Language of document :

Recours introduit le 13 mai 2019 – Achema et Lifosa/Commission

(Affaire T-300/19)

Langue de procédure : l’anglais

Parties

Parties requérantes : Achema AB (Jonava, Lituanie) et Lifosa AB (Kėdainiai, Lituanie) (représentants : E. Righini et N. Solárová, avocats)

Partie défenderesse : Commission européenne

Conclusions

Les parties requérantes concluent à ce qu’il plaise au Tribunal :

annuler la décision de la Commission C(2018) 9209 final, du 8 janvier 2019, concernant l’aide d’État SA.45765 (2018/NN) – Lituanie – Soutien à des installations produisant de l’électricité à partir de sources d’énergie renouvelables ;

condamner la partie défenderesse aux dépens.
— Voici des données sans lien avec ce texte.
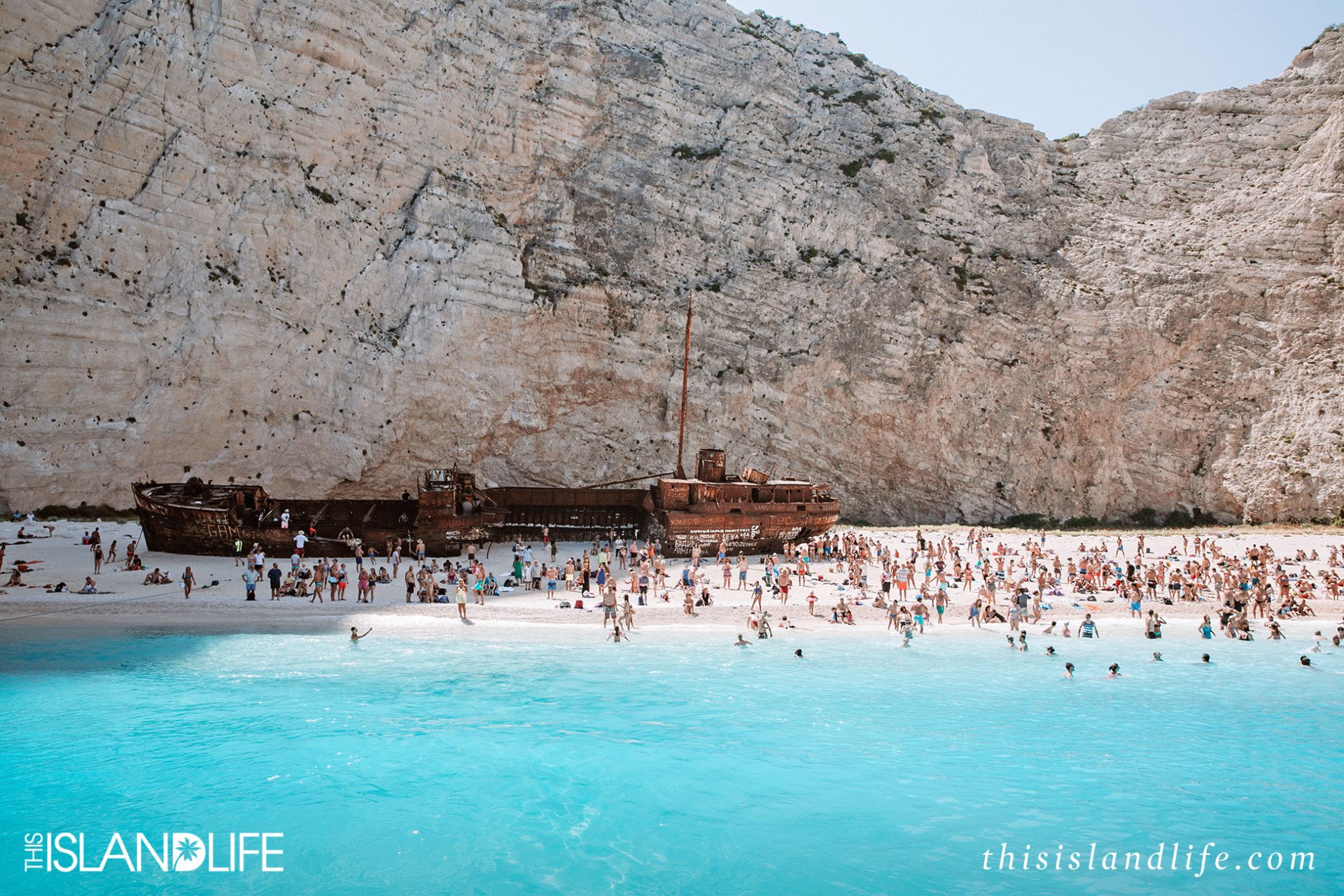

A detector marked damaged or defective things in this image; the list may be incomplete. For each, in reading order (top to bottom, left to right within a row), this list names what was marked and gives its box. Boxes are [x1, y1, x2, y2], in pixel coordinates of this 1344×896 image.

rusted shipwreck [132, 301, 834, 557]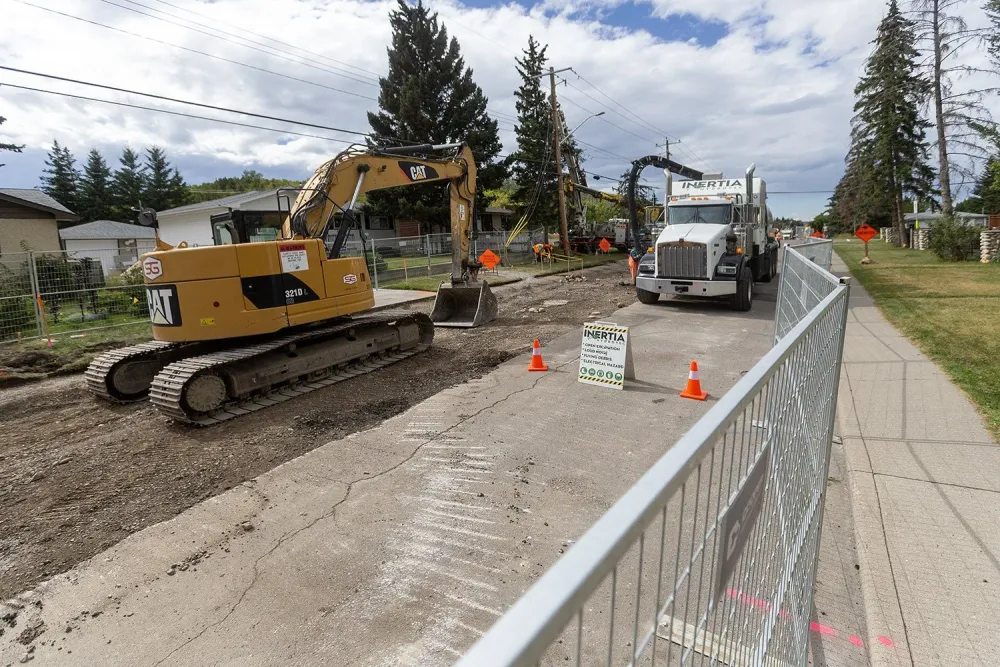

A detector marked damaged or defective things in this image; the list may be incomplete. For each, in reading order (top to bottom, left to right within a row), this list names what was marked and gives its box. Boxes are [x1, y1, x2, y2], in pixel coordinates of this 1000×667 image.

cracked concrete road [0, 284, 776, 664]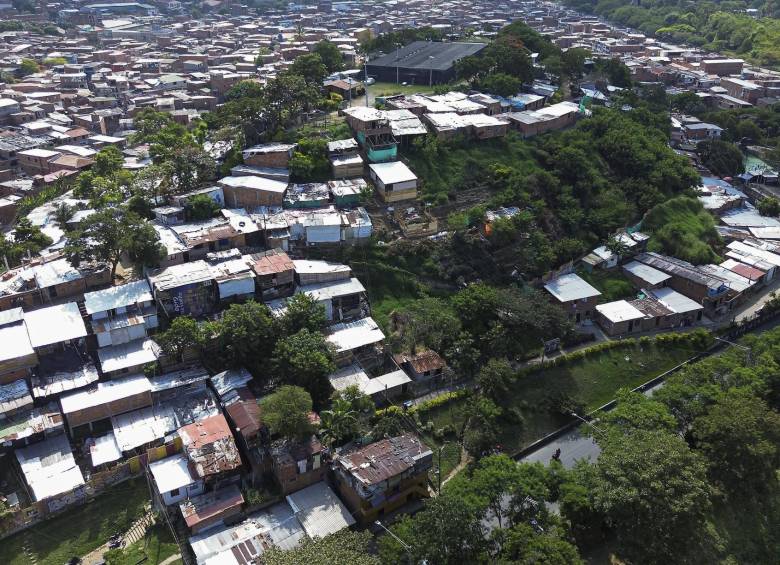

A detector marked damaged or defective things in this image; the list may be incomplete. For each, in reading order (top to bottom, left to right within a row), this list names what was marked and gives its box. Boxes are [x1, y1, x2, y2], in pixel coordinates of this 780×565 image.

rusted roof [336, 432, 432, 484]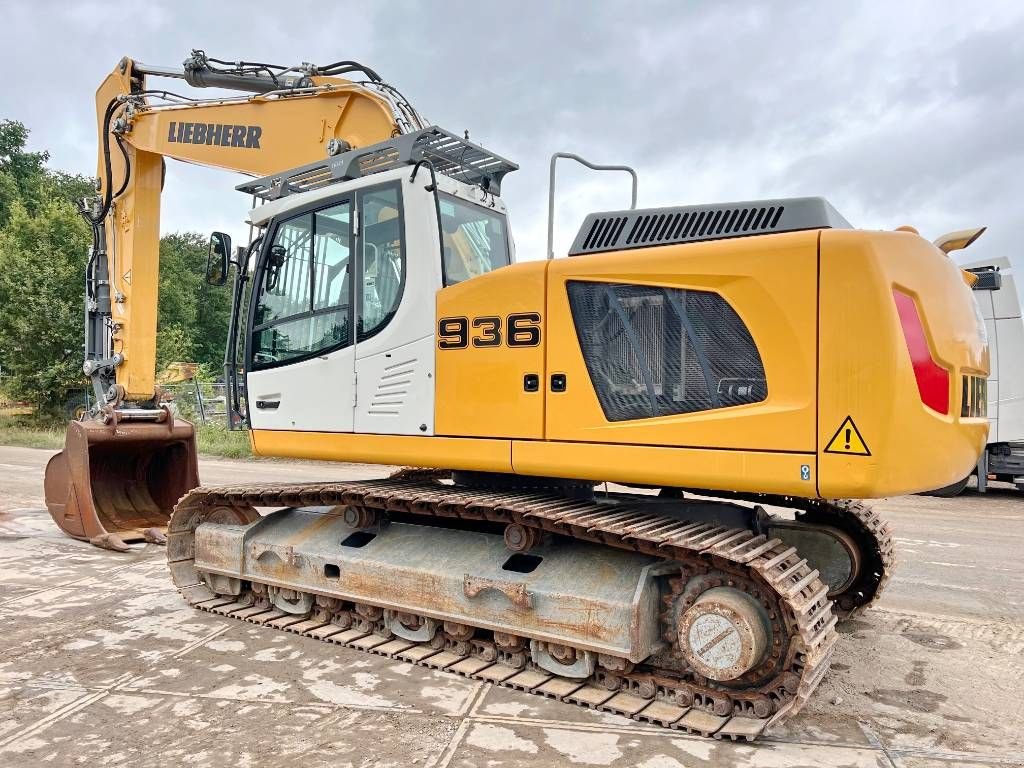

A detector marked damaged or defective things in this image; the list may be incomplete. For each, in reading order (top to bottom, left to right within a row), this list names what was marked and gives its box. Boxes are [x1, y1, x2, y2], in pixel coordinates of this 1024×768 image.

rusty bucket [43, 417, 199, 548]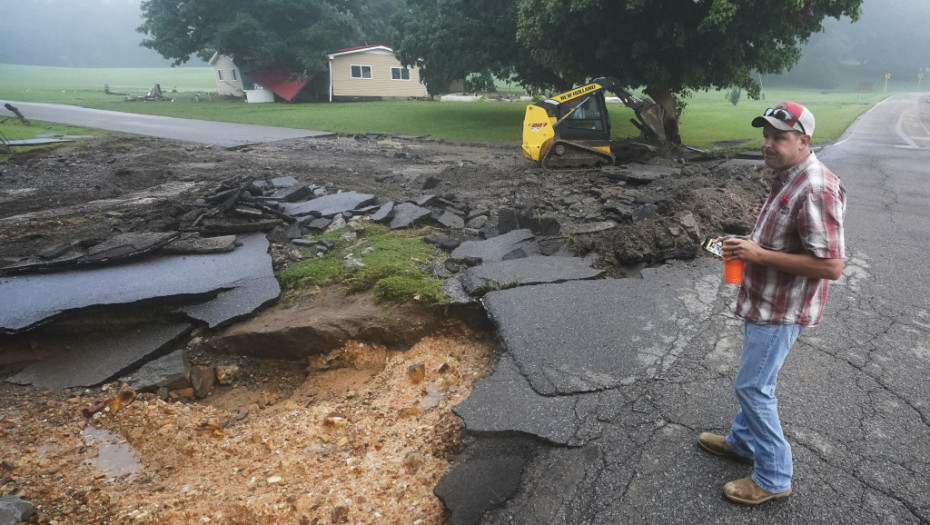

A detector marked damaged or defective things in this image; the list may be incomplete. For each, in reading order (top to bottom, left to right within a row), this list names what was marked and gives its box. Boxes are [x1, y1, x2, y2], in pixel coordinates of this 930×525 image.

Moyens et principaux arguments

À l’appui du recours, les parties requérantes invoquent un moyen unique, tiré du fait que la Commission n’a pas ouvert la procédure formelle d’examen, les privant ainsi des droits procéduraux prévus à l’article 108, paragraphe 2, TFUE.

Les parties requérantes soutiennent que l’ensemble des preuves indiquent que la Commission aurait dû nourrir des doutes quant à la compatibilité de l’aide d’État et de son mode de financement avec le marché intérieur et le droit de l’Union. Elle aurait donc dû ouvrir une procédure formelle d’examen.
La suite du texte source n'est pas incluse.